Dominic Ongwen, now around 40, comes from Gulu in northern Uganda. He was captured by the LRA on his way to school when he was about 10, according to his family. As an adult he quickly climbed the LRA ranks and in 2004 was promoted to commander of the Sinia brigade, one of the most fearsome in the LRA, according to the prosecution.

“In the Sinia Brigade, Ongwen was at the head of a structure through which the practice of abduction, forced marriage, rape, torture and sexual slavery was enforced,” says the brief, which details charges for a trial set to start on December 6.

Ongwen, who pleaded not-guilty at his initial appearance in early 2015, is the first and only LRA leader so far to be brought before the ICC. The Court is also seeking three other top LRA commanders including Joseph Kony, leader of this armed group created in the 1980s in northern Uganda.

Bensouda says Dominic Ongwen gave women and girls as rewards to his best fighters, who were then allowed to do what they wanted with them.

Direct responsibility

But his responsibility was not only indirect, according to the pre-trial brief. “Dominic Ongwen directly perpetrated sexual and gender-based crimes against all his forced wives,” it says. “He conducted this for more than a decade”.

The Prosecutor says Ongwen often beat the numerous women whom he had married by force, or ordered his men to give them a public beating. They were beaten, for example, for failing to make his bed, or giving food to other women while they were preparing his meal, or just because he thought they looked dirty. When Ongwen’s guards were given the task of beating them, Ongwen is said to have looked on with pleasure.

In the brief, the Prosecutor mentions particularly a woman codenamed P0226, whom Ongwen forced to marry him when she was only 10. She tried to resist but was beaten with bamboo sticks by Ongwen’s guards until she finally became resigned to her fate. Ongwen himself often beat her for one reason or another, according to Fatou Bensouda, who says that one day he rained blows on her because he suspected her of flirting with one of his men. Another day she was herself forced to beat to death a member of the army captured in fighting.

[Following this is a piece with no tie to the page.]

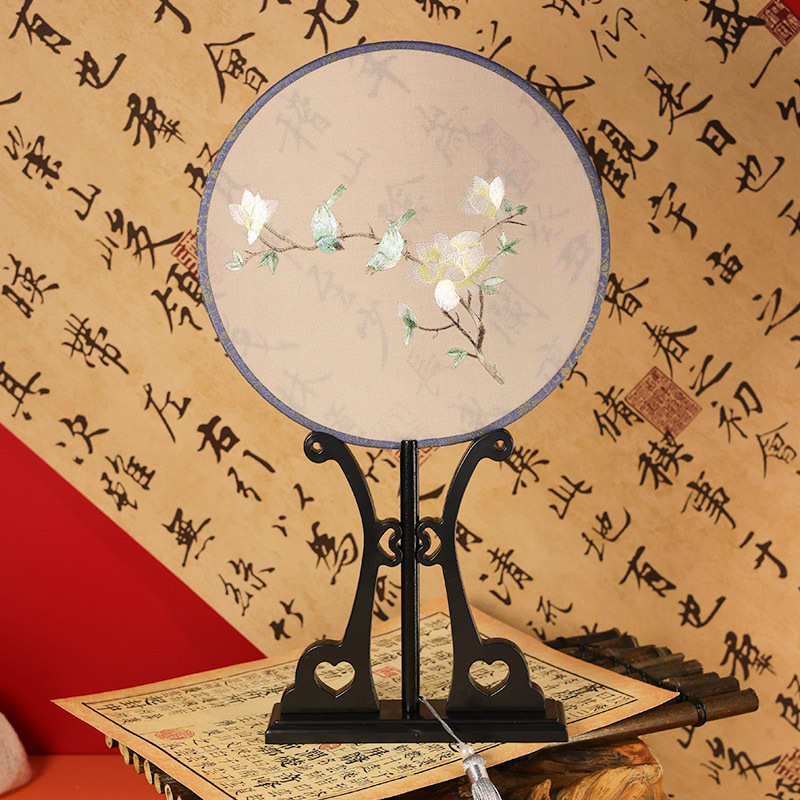 刺绣扇子古风绣花团扇古风汉服扇古典扇舞蹈扇团扇旗袍扇古典圆扇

These sexual and gender-based crimes do not appear in the initial case. They were not mentioned in the arrest warrant against Ongwen issued in 2005. It was at a status conference in May 2015, a few months after Ongwen’s arrest, that the prosecution announced they would be added following investigations that had not yet been concluded. With the permission of the judges, these additional accusations detailed in the pre-trial brief, were added before the confirmation of charges hearing in January this year. 

Crimes that are often kept silent 

In a June 2014 “Policy Paper on Sexual and Gender Based Crimes”, the Prosecutor’s office recognized “the challenges of, and obstacles to, the effective investigation and prosecution of sexual and gender-based crimes”, including “the under or non-reporting owing to societal, cultural, or religious factors”.

At a conference in The Hague in November 2015, on the margins of the ICC Assembly of States Parties, Ugandan lawyer Mike Chibita spoke about the situation in his country.  “Many rural communities do not see why a man should be prosecuted or worse still imprisoned for a sexual or gender-based offence,” he told the conference. “Traditionally a perpetrator of a sexual or gender-based crime is given the girl to marry in exchange for bride price.”

NGOs have been fighting for years for international justice to take sexual and gender-based crimes into account, and will no doubt welcome a focus on them in Ongwen’s trial.

Human Rights Watch (HRW) expressed satisfaction in March this year when the ICC found rich Congolese Senator and businessman Jean-Pierre Bemba guilty of crimes including rape committed in the Central African Republic by elements of his former rebel movement MLC. That was the first time the ICC handed down a conviction for rape and sexual violence as war crimes.

In Ongwen’s case, the alleged responsibility is heavier, since he is accused of setting an example to his men by committing the crimes himself.